This article seeks to represent the argument of those that urge abstinence but are in full agreement that the arguments given in part two of this series are valid. This article does not represent those that would add abstinence from alcohol to the Scriptures as a new food law that must be kept as a test of faith or godliness. However, these Christians are convinced that total abstinence should be the norm for God’s people around the world today.

So, what is the case for abstinence?

Argument 1: Abstinence demonstrates love and fear of God.

All believers would agree that our personal love for God and fear of Him should motivate us to stay clear of what displeases Him. Numerous passages urge us to avoid sin and temptation. One example is Romans 13:13-14:

Let us walk properly as in the daytime, not in orgies and drunkenness, not in sexual immorality and sensuality, not in quarreling and jealousy.

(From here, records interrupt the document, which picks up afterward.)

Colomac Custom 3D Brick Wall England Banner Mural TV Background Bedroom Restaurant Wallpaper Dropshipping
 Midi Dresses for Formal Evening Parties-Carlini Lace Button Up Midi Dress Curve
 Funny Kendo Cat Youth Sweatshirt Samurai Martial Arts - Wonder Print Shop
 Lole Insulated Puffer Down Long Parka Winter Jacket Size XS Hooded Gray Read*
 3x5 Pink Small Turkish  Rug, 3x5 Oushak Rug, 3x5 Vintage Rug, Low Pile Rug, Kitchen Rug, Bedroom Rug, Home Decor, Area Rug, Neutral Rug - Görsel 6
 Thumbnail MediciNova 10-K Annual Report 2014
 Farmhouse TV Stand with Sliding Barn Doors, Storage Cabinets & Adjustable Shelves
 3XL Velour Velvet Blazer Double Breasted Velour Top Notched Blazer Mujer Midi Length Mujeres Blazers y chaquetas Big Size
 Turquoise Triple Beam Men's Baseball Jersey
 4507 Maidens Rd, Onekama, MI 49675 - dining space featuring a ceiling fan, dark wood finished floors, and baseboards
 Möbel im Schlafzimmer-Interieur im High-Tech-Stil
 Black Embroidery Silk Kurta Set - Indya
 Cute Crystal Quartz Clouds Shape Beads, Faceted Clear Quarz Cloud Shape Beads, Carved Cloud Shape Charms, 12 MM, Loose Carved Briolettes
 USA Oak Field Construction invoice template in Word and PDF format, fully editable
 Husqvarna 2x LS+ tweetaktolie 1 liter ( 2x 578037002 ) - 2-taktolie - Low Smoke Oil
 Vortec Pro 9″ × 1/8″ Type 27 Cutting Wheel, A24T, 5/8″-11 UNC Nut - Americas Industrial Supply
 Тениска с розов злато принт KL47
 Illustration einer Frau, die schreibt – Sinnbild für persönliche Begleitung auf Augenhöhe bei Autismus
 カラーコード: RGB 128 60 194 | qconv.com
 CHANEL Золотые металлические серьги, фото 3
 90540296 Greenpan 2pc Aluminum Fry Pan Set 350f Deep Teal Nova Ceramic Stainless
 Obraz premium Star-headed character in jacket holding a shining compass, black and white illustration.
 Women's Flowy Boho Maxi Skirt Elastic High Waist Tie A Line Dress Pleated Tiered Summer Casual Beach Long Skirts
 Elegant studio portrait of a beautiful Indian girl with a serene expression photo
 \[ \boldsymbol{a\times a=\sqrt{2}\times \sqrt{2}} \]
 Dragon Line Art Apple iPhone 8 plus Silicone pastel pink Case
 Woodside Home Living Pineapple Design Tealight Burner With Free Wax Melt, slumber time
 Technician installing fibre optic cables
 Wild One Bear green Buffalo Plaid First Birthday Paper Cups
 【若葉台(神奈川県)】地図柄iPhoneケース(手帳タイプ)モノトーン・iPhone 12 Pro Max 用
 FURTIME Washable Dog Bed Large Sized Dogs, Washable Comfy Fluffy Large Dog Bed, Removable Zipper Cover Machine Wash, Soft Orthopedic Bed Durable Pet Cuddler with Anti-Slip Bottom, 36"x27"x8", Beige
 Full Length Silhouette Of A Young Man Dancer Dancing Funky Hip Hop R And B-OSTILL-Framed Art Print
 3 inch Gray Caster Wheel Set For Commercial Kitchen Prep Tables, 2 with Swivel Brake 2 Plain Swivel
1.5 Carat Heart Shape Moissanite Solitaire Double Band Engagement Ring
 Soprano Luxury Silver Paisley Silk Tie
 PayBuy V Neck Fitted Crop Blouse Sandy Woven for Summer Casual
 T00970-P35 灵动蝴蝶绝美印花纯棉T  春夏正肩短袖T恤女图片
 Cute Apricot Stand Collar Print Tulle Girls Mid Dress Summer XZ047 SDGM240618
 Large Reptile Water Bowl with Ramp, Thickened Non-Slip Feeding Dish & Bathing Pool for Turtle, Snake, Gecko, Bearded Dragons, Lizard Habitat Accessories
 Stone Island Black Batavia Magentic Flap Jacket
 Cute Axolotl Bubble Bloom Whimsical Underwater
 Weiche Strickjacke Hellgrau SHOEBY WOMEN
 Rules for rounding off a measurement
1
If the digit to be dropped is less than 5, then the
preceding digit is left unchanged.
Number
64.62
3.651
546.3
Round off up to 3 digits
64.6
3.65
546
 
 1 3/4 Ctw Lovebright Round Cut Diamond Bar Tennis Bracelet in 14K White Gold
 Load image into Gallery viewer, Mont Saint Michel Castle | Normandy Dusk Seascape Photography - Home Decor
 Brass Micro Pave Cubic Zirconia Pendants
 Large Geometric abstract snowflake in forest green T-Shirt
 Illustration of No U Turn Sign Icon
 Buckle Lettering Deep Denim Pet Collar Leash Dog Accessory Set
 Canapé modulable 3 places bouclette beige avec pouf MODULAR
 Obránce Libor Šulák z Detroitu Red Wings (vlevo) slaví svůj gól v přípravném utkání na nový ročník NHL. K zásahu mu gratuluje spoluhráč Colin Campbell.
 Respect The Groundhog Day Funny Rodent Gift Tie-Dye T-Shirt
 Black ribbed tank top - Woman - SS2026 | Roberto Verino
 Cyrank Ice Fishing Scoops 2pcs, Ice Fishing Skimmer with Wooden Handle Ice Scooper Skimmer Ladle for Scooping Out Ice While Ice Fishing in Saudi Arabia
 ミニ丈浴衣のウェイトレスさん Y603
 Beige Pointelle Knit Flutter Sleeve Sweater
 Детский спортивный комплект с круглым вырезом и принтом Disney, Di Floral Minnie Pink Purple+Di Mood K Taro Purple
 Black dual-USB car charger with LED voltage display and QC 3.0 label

But put on the Lord Jesus Christ, and make no provision for the flesh, to gratify its desires.1

Warnings about drunkenness ought to lead every Christian to take great care to have nothing to do with that which tempts us or makes it easy to get drunk. God continually warns His people to carefully guard themselves against destructive sins, and drunkenness is one of those sins most frequently named. Knowing how the intoxicating beverage industry has significantly changed and how many cultures have embraced drunkenness as a norm, we should be especially concerned.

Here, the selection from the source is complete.